La Alpujarra
La Alpujarra Que explicamos en plena tertulia todo lo ocurrido; que nuestros compañeros de viaje empezaron por poner en duda que hubiésemos estado en Adra; que los documentos que llevábamos acabaron por convencerlos plenamente; que entonces nos celebraron y felicitaron con la mayor nobleza; que los hijos del país nos admiraron y elogiaron también muchísimo, diciendo que no había ejemplo de una caminata semejante; que mi primo y yo no cabíamos de orgullo en el pellejo; que comimos como ogros, que no nos acostamos sin abrazar y besar a nuestros caballos, y que aquella noche dormimos como Napoleón después de la batalla de Austerlitz, o como Castaños después de la batalla de Bailén, son cosas que se caen de su peso y que no tengo para qué contaros…

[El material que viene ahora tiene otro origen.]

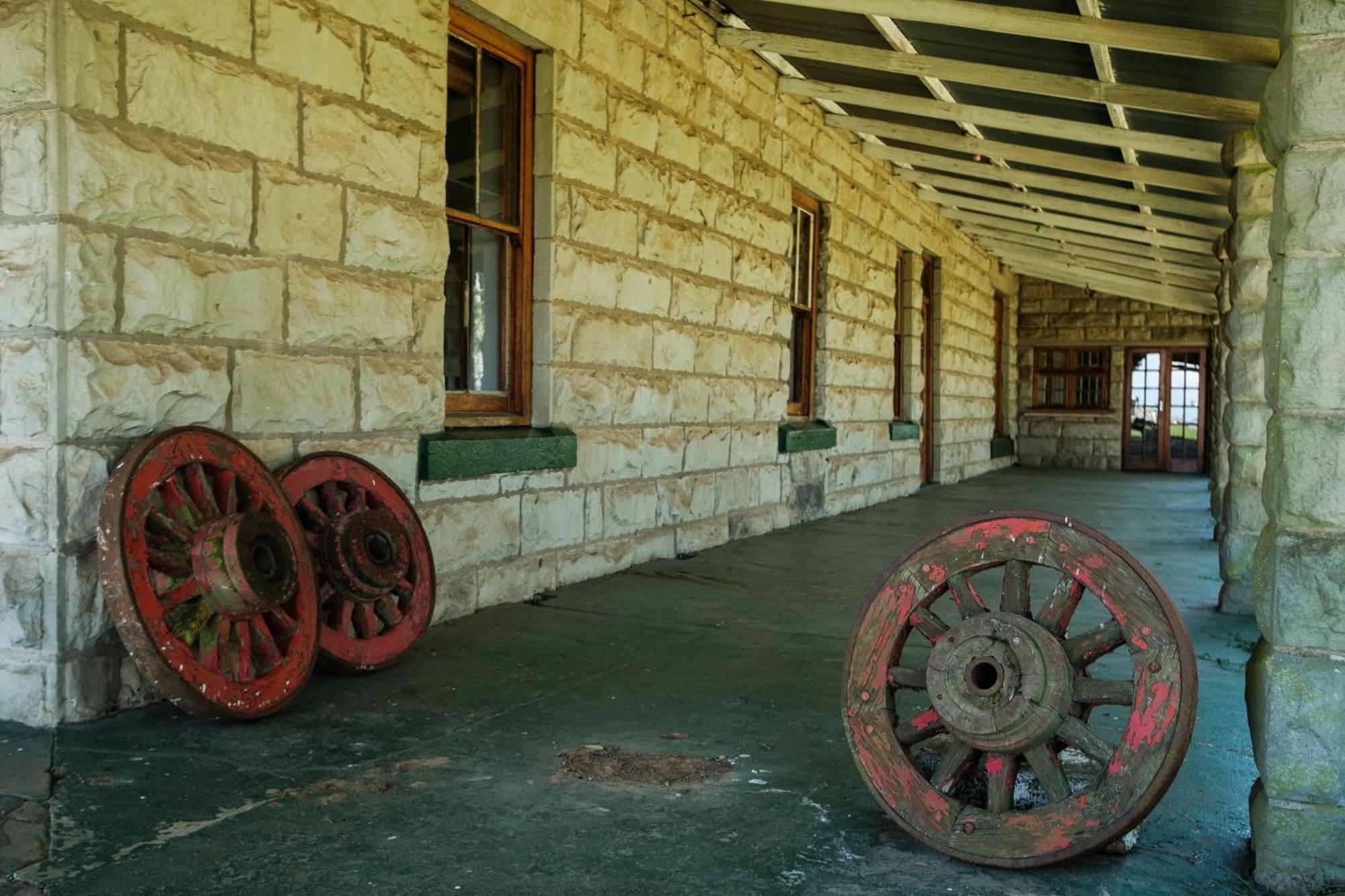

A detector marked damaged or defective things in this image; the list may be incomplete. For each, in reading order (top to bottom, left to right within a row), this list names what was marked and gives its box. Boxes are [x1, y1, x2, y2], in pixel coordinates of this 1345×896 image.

Pero lo que sí me cumple referiros, a riesgo de que no lo creáis, es que no me dormí sin reunir antes en torno de mi lecho a los historiadores y celebrar con ellos una nueva consulta…
Érame absolutamente indispensable estudiar a fondo aquella misma noche la gran campaña del MARQUÉS DE LOS VÉLEZ contra ABEN-HUMEYA, o por mejor decir, de ABEN-HUMEYA contra el MARQUÉS DE LOS VÉLEZ, en que ambos compitieron en heroísmo, y que cierra brillantemente la historia militar del reyezuelo de la Alpujarra…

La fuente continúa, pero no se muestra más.